As High Court Enforcement Officers, Chartsbridge are able enforce possession orders issued in either the County Court or High Court in England and Wales.
In the first instance you will need to obtain a Possession Order from the County Court for the defendant to provide vacant possession of your property by a set date. If you do not have a Possession Order, we would encourage you to seek independent legal advice to ascertain how you can obtain this.
Need to enforce a possession order?
What to do once you have obtained a Possession Order
Once you have obtained a Possession Order and the defendant has not vacated the property by the time specified on the Order, you may be able to apply to the same County Court for permission to transfer the Possession Order to the High Court to be enforced by High Court Enforcement Officers by way of a Writ of Possession. These applications are made under Section 42 of the County Courts Act 1984. Notice must be given to the defendants, tenants and to any occupiers of the premises subject to the Order.

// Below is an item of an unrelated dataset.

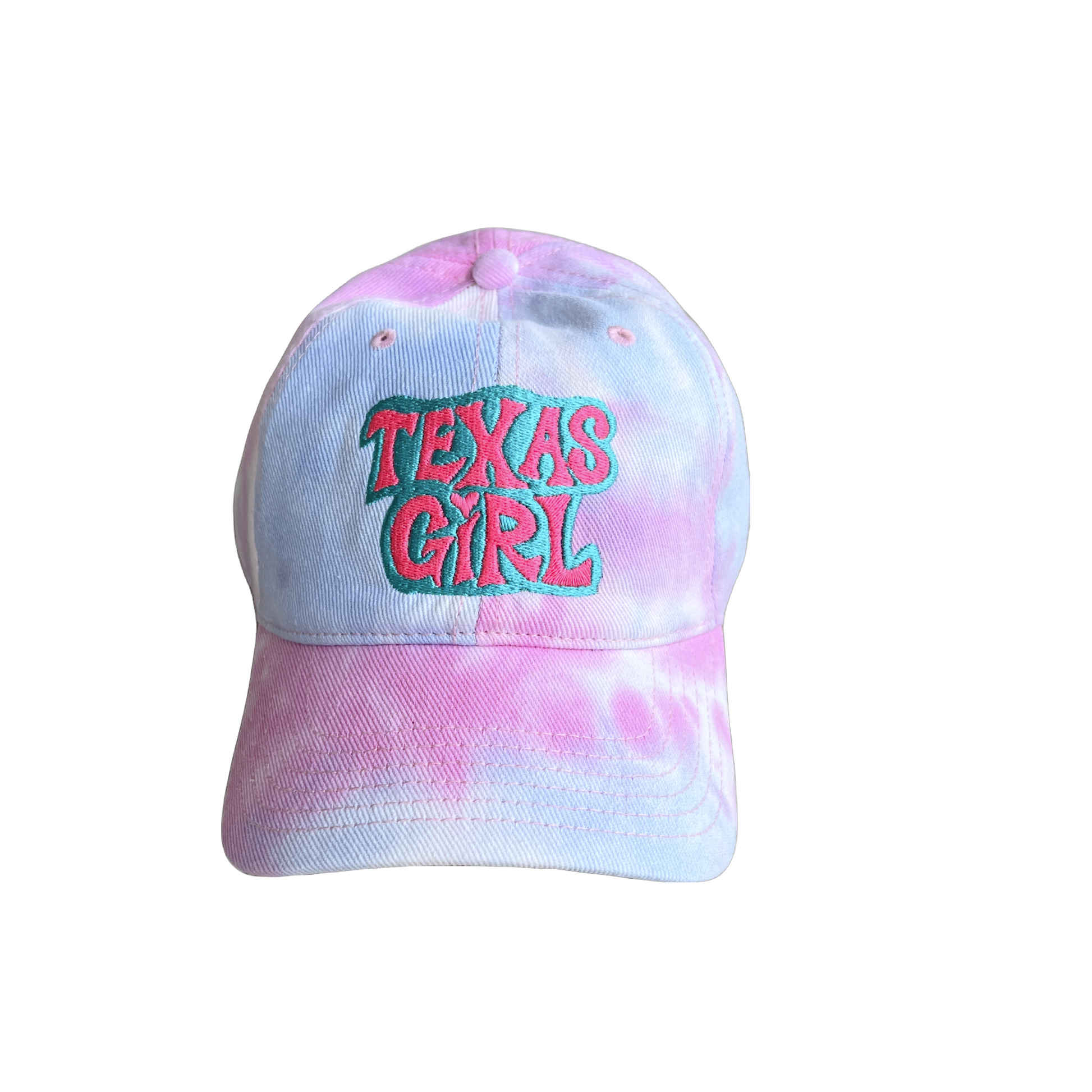 Texas Groovy Girl Hat in vibrant tie-dye styles, showcasing bold "Texas Girl" lettering.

If consent has not already been granted at the time of the initial Possession Hearing and is not included on the Possession Order, then consent can be granted following a separate application. In accordance with Partridge v Gupta (2017) EWHC 2110 (QB), any persons who may be in occupation of the property must be informed about the transfer up to the High Court and of the intention to issue a Writ of Possession.
If permission has already been granted at the initial Possession Hearing, notice must be sent to the defendant and occupiers of the intention to issue a Writ of Possession (typically this is a seven working day notice).
Once permission has be granted by the County Court, a final application is made to the High Court to issue the Writ of Possession.